Three more people have been killed at the Grasberg mine -- one of the world's largest -- in Papua, taking the death toll during a strike to seven.

Unidentified gunmen killed three people near the mine in Indonesia's restive Papua province, a report by the state news agency Antara said. One of the dead was a contract worker who had worked at the mine for 20 years.

Operations have been severely cut back since Sept. 15 when workers began a strike at the copper and gold mine, run by PT Freeport Indonesia, a division of Freeport-McMoRan, which has headquarters in Arizona.

The open pit mine forms a 1-mile-wide crater and is the world's third largest producer of copper. The low-cost labor setup has around 20,000 employees.

But Papua province is in one of Indonesia's most politically sensitive and remotest areas. The province is about the size of Spain and occupies the western half of the island of Papua. Papua New Guinea occupies the eastern half.

Papua has been a part of the Indonesian archipelago federation since the Dutch gave up their colonial rule and a slim majority in a controversial referendum in 1969 voted in favor of joining.

Papuans are ethnically Melanesian and closer to Australia's aborigines than the Asians who make up most of Indonesia's population. Papuans say their culture and identity is being eroded by an influx of Asian Indonesians.

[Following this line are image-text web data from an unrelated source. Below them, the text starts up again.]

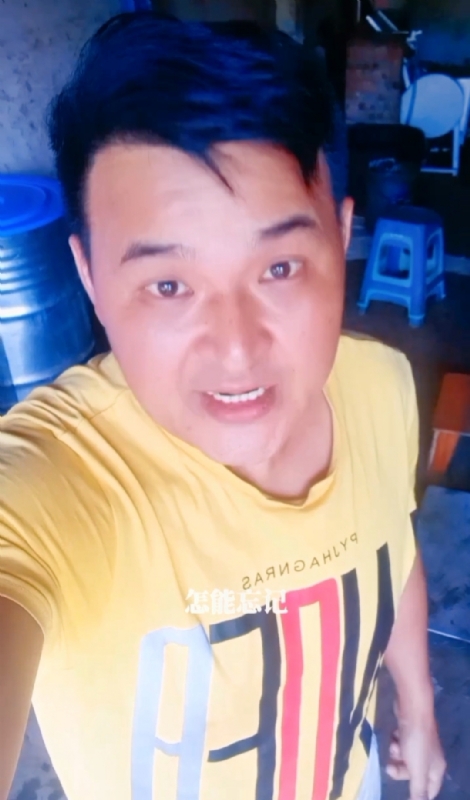 有缘再见的第一张照片--梅州相亲服务中心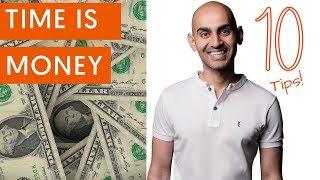 Neil Patel's 10 Business Tips for Building a Multi Million Dollar Company (2018)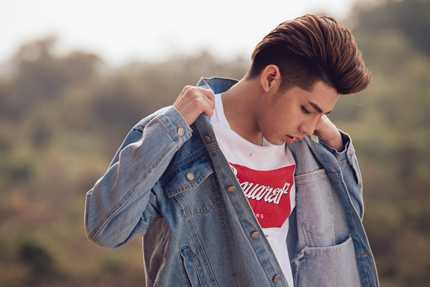 Noo Phước Thịnh 'bắt ép' đạo diễn thực hiện Mv sớm nhất có thể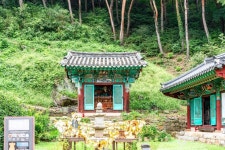 문수사(서산) 관광 정보와 주변 관광 명소 및 근처 맛집 여행 정보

As with many of Indonesia's governments, that of President Susilo Bambang Yudhoyono has been faced with a Papuan independence movement. The struggle periodically erupts into deadly attacks on security forces and employees at the mine, as well as brutal attacks by police on demonstrators.

A shootout at the mine by suspected members of the Free Papua Movement in July 2009 left three people dead, including Australian technician Drew Grant, 29, a project manager at the mine. He was killed when the vehicle he was driving was ambushed.

FPM denied it was involved.

The next day an Indonesian security guard was killed in another attack and a police Mobile Brigade officer who went missing during a third attack was found dead in a ravine near the ambush site.

There are persistent allegations that members of the military and police are fighting over multimillion-dollar protection contracts for mine employees.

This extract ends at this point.